Assignment: Nothing in the listing may be skipped; repeat it all exactly.

Top of Data section

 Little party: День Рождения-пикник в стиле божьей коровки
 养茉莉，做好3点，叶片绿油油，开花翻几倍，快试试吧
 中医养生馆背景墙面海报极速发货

Bottom of Data section

Your response:
 Little party: День Рождения-пикник в стиле божьей коровки
 养茉莉，做好3点，叶片绿油油，开花翻几倍，快试试吧
 中医养生馆背景墙面海报极速发货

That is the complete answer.